» Instructions for the task:
Please report how many lines in the data below contain "white". Nothing besides the number should be written.

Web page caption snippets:
+++++
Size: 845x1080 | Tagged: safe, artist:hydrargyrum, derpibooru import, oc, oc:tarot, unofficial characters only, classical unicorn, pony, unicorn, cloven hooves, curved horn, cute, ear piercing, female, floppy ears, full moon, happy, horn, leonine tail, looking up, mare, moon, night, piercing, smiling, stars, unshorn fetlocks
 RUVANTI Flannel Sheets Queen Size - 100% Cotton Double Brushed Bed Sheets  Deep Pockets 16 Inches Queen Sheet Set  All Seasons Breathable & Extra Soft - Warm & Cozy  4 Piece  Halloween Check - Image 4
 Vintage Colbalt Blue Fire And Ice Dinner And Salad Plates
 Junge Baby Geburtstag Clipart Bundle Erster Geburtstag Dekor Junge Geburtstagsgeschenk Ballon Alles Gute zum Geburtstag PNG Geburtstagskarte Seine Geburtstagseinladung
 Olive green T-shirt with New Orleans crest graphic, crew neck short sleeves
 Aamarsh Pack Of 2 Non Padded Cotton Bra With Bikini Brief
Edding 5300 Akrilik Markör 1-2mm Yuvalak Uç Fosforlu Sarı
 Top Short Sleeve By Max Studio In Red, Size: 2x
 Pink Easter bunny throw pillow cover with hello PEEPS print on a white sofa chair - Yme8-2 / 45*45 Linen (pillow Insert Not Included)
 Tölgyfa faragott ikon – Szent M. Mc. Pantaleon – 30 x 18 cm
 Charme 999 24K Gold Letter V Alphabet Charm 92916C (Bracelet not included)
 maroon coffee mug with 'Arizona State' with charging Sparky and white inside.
+++++
» Solution for this task:
2